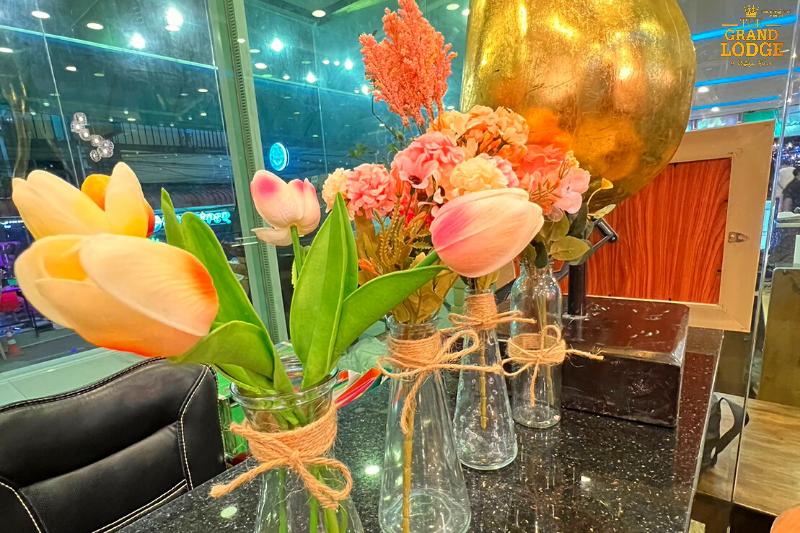 Photo of Avani Pattaya Resort, 5-star hotel in Central Pattaya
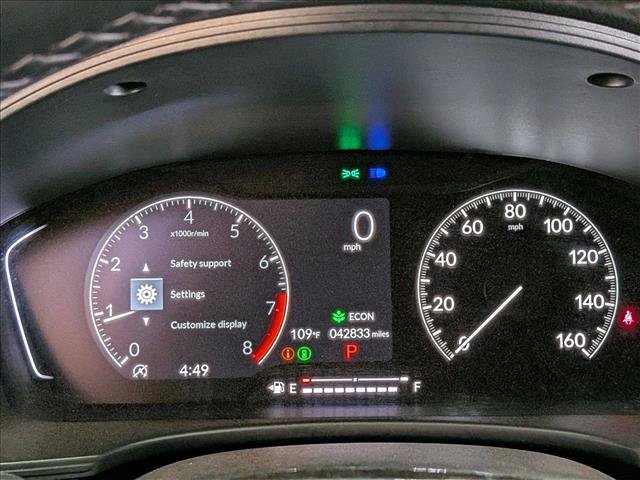 Used 2023 Honda Civic Sport image 14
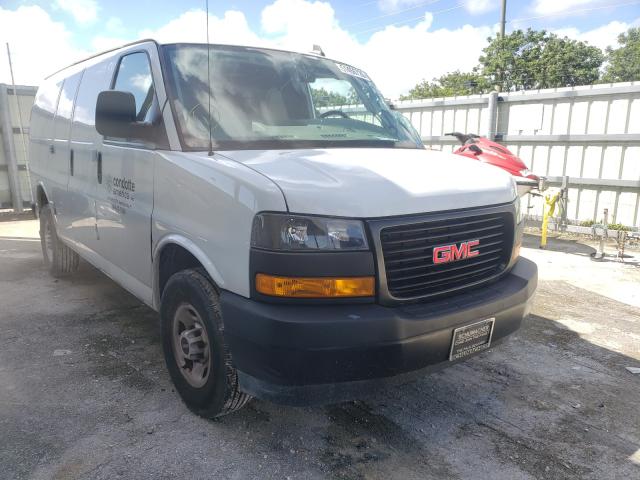 GMC SAVANA G25 2018 1gtw7afp0j1342995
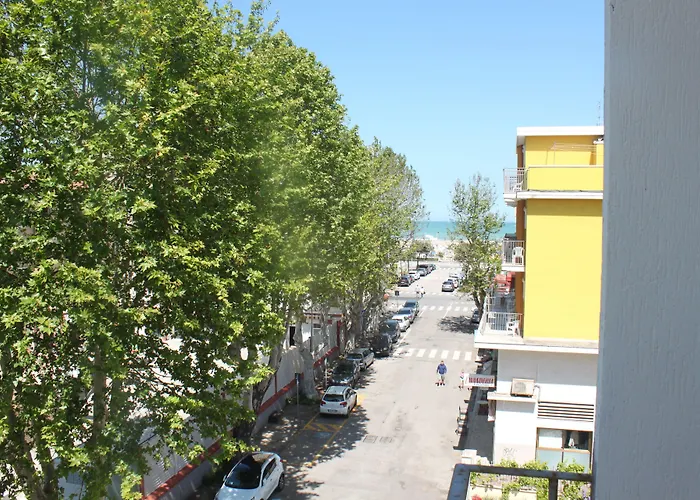 Hotel Marittima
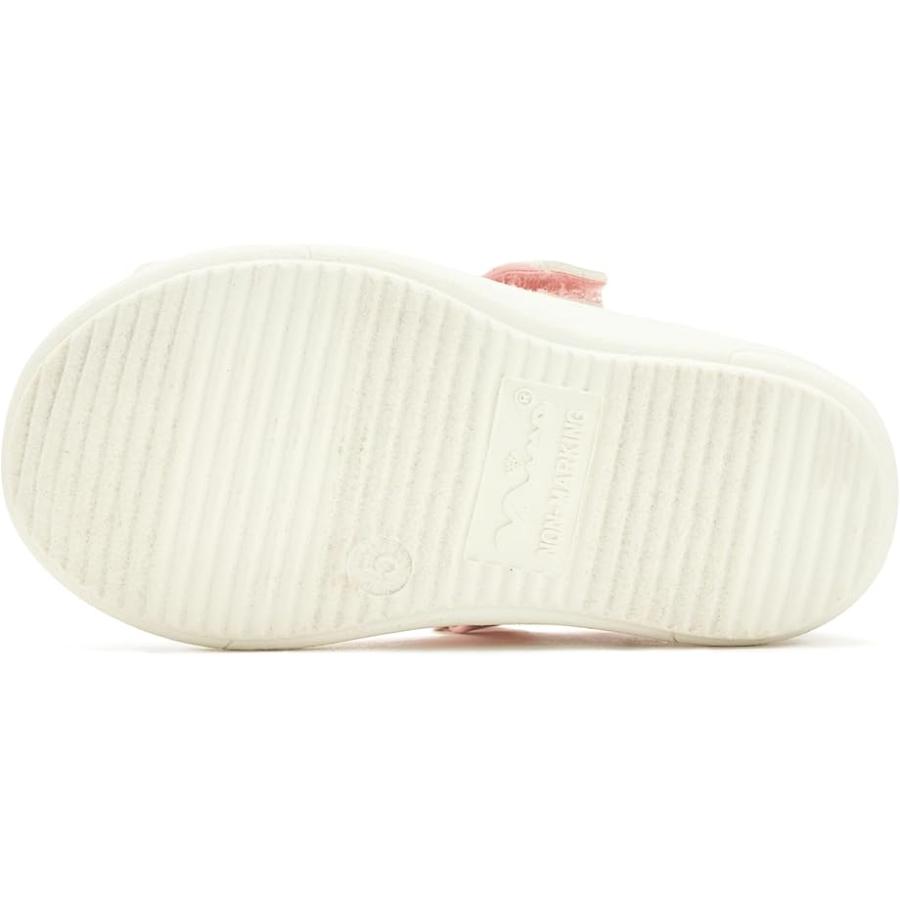 Nina kid's - ニナ kid's ニナ Kids Natty-T (Toddler) キッズ・ジュニア Flats Light Pink バレエシューズ-キッズ、ジュニアシューズ-子ども服、シューズ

• • • • •

● TASK OBJECTIVE: The records above must be output exactly, except for their pictures.

● THE ANSWER:
 Photo of Avani Pattaya Resort, 5-star hotel in Central Pattaya
 Used 2023 Honda Civic Sport image 14
 GMC SAVANA G25 2018 1gtw7afp0j1342995
 Hotel Marittima
 Nina kid's - ニナ kid's ニナ Kids Natty-T (Toddler) キッズ・ジュニア Flats Light Pink バレエシューズ-キッズ、ジュニアシューズ-子ども服、シューズ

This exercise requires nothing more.